Quindi il 2 febbraio mamma Rosalia ha accompagnato il figlio ad una visita all’ospedale di Monza. «Non ha voluto che entrassi, ma in seguito ho scoperto che la dottoressa che lo ha visitato aveva scoperto che l’ernia si era infettata. Ci ha suggerito di tornare a Lecco per effettuare l’intervento, prima della riduzione dello stomaco». La famiglia Fontana ha quindi preso appuntamento alla clinica Mangioni per il proprio caro. «Questa volta ho deciso di entrare con lui. Il medico che lo ha visitato ha detto che, se fosse stato per lui, lo avrebbe operato subito, ma la clinica non era in possesso di un lettino adatto al peso di mio figlio. Quindi ci hanno consigliato nuovamente il San Gerardo di Monza, anche perché alla Mangioni non c’è il reparto di Rianimazione».

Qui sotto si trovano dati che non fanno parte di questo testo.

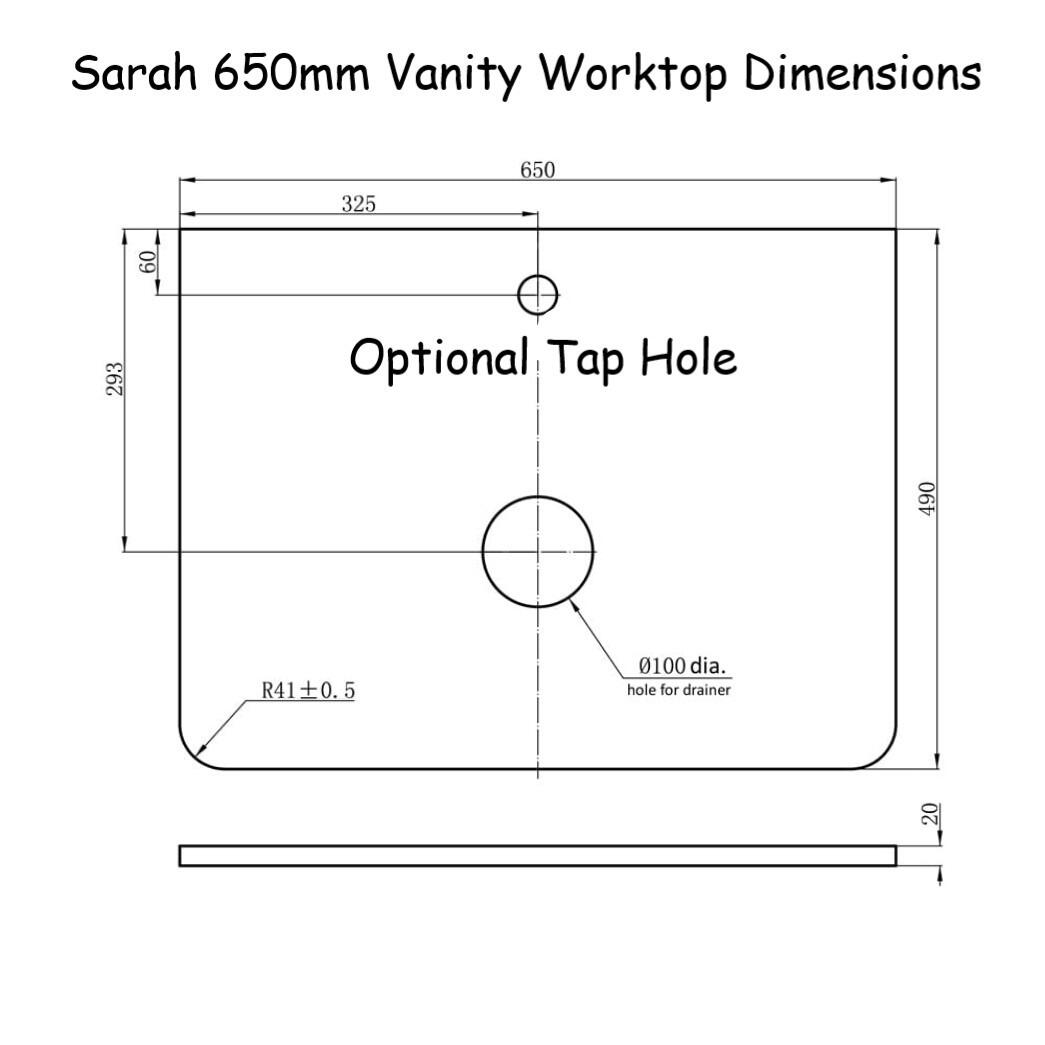 Sarah 650mm Vanity Unit Worktop Dimensions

Ritorno a Monza. La famiglia è dunque tornata a Monza. «Siamo tornati al San Gerardo e abbiamo trovato la stessa dottoressa della volta precedente che gli ha fatto un’impegnativa per il 1 marzo. Gli ha detto: “Ci vediamo fra 15 giorni per parlare con un altro chirurgo”. Il 1 marzo io ho sepolto mio figlio. Forse non si poteva salvare. Forse invece se lo avessero ricoverato subito, sarebbe ancora qui fra noi. Aveva le gambe nere e un’infezione in corso, possibile che non potessero intervenire tempestivamente? Non è nello stile della nostra famiglia fare polemiche, quando mi sarò ripresa andrò a Monza a parlare con questa dottoressa».
Non stava bene quel giorno. Claudio non stava bene da qualche giorno e lunedì 26 febbraio la famiglia lo ha convinto a stare a casa dal lavoro. «La sera si è sdraiato sul divano in sala. Mi ha appoggiato la testa sulla spalla. A lui piaceva scherzare. L’ho fatto distendere e gli ho portato una coperta. A volte capitava che restasse sveglio fino a tardi a guardare la tv. Alle 4.30, si è alzato per andare in bagno. E quindi sono andata subito a controllare che stesse bene. E’ tornato sul divano, gli ho portato un’altra coperta e sono tornata a letto». La mattina successiva è stato papà Ambrogio a trovare il figlio, privo di vita. «E’ entrato in sala. L’ho sentito gridare: “Claudio svegliati! Svegliati! Apri gli occhi”. Io l’ho raggiunto subito. Gli ho messo la mano sul cuore, ma non batteva più». Immediata è partita la chiamata e sul posto è arrivata un’autoambulanza e un’auto medica. Con il defibrillatore il medico di turno ha cercato di risvegliare il 45enne. Una... due... tre volte. «Gli hanno somministrato una puntura di adrenalina, e hanno fatto tutto ciò che poteva no, ma alla fine hanno dovuto arrendersi. Claudio se n’era andato e con lui il mio cuore».